I have a table that looks similar to this, with a multiindex on (A, B)
>>> columns = ["A", "B", "C", "D"]
... data = [
... [1, 1, 99, 22],
... [1, 2, 87, 24],
... [1, 3, 65, 31],
... [2, 1, 88, 30],
... [2, 2, 76, 33],
... [2, 3, 23, 32],
... [2, 4, 38, 28],
... [3, 1, 33, 40],
... [3, 2, 23, 41],
...]
>>>
>>> pd_table = pd.DataFrame(data=data, columns=columns)
>>> pd_table.set_index(["A", "B"], inplace=True)
>>> print(pd_table)
C D
A B
1 1 99 22
2 87 24
3 65 31
2 1 88 30
2 76 33
3 23 32
4 38 28
3 1 33 40
2 23 41
If i want to groupby the results on an index, and apply an aggregate function on the groups, I can do this by
>>> roll_table = pd_table.groupby("A").aggregate({"C": min, "D": max})
>>> print(roll_table)
C D
A
1 65 31
2 23 33
3 23 41
However, this drops the B index, which I would like to keep.
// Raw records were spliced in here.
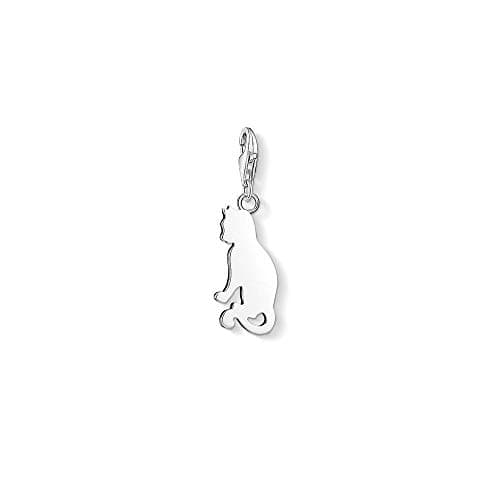 Image of Thomas Sabo Women Charm Pendant Cat Charm Club 925 Sterling Silver 1337-001-12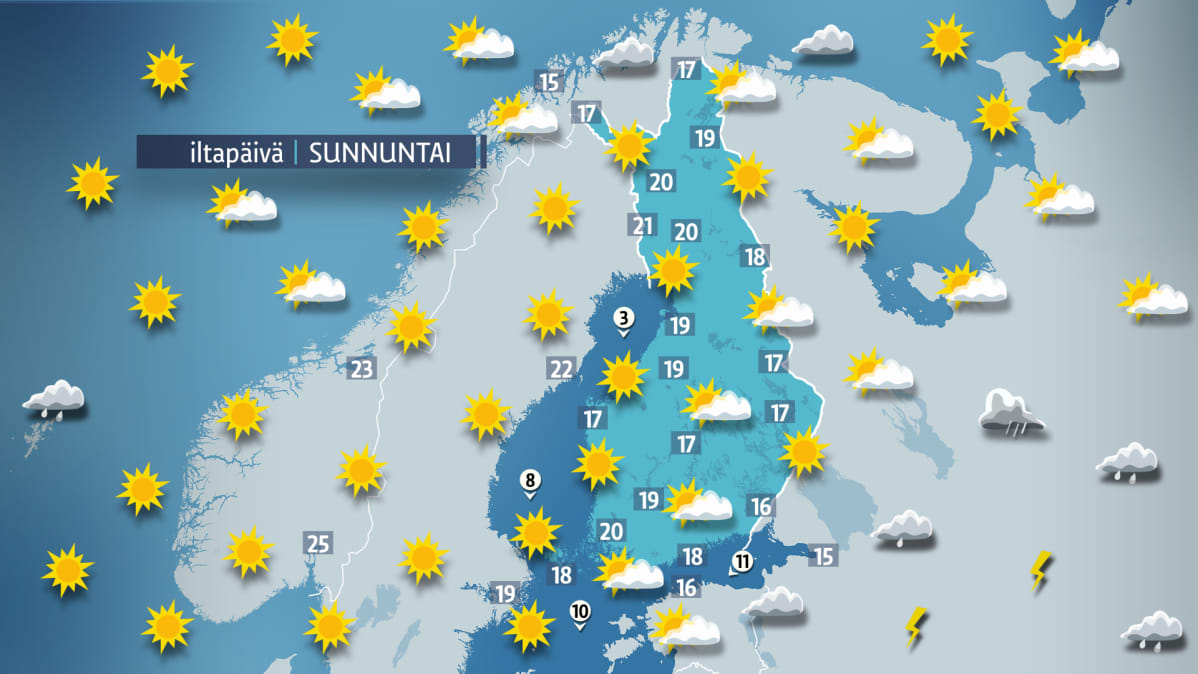 Sääennuste sunnuntaille 1. heinäkuuta.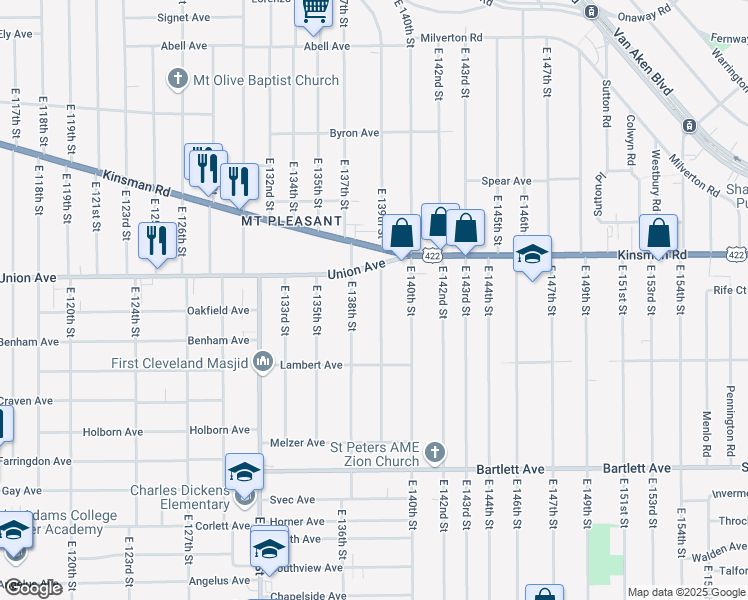 map of restaurants, bars, coffee shops, grocery stores, and more near 3538 East 139th Street in Cleveland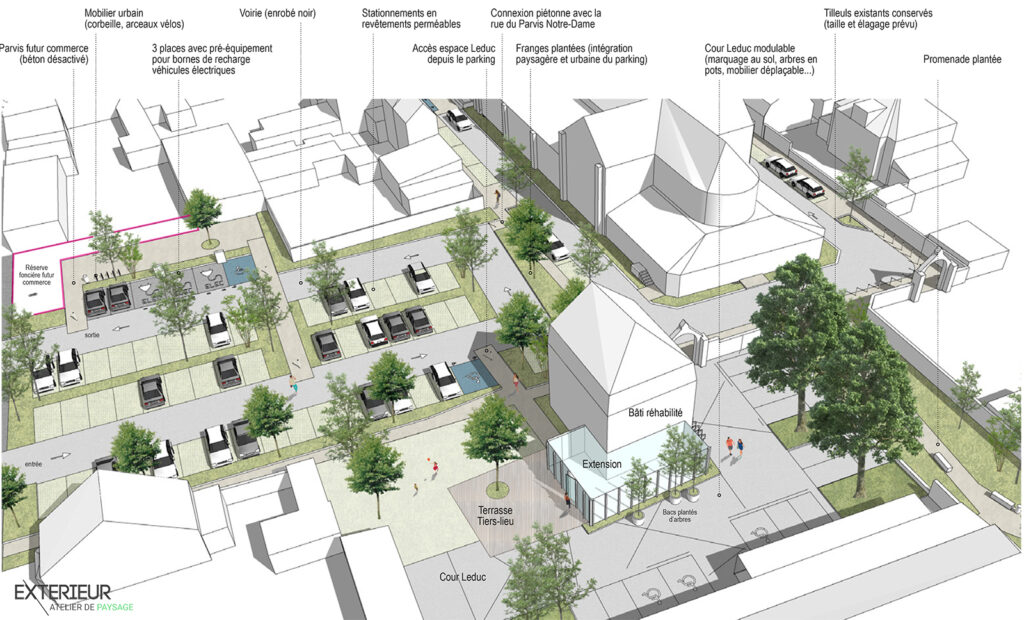Vue 3D du projet de réhabilitation de l'espace Raymond Leduc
I also want to apply a function to this column, but apparently this fails:
>>> roll_table = pd_table.groupby("A").aggregate({"B": max, "C": min, "D": max})
>>> print(roll_index)
Traceback (most recent call last):
File "<stdin>", line 1, in <module>
File "...\Python\Python38\site-packages\pandas\core\groupby\generic.py", line 928, in aggregate
result, how = self._aggregate(func, *args, **kwargs)
File "...\Python\Python38\site-packages\pandas\core\base.py", line 357, in _aggregate
raise SpecificationError("nested renamer is not supported")
pandas.core.base.SpecificationError: nested renamer is not supported
One way to solve this is to move the B index to the columns, perform the aggregation, then move it back to the index, but this seems cumbersome:
>>> roll_table = pd_table.reset_index(level="B")
>>> roll_table = roll_table.groupby("A").aggregate({"B": max, "C": min, "D": max})
>>> roll_table = roll_table.set_index("B", append=True)
>>> print(roll_table)
C D
A B
1 3 65 31
2 4 23 33
3 2 23 41
Is there a way to make aggregate work on ungrouped indexes as well?
To give a use case example, the indexes may be coordinates, and I want to use the first y value as a reference point. Or I may want to use "size"
to keep track of how many values were grouped together.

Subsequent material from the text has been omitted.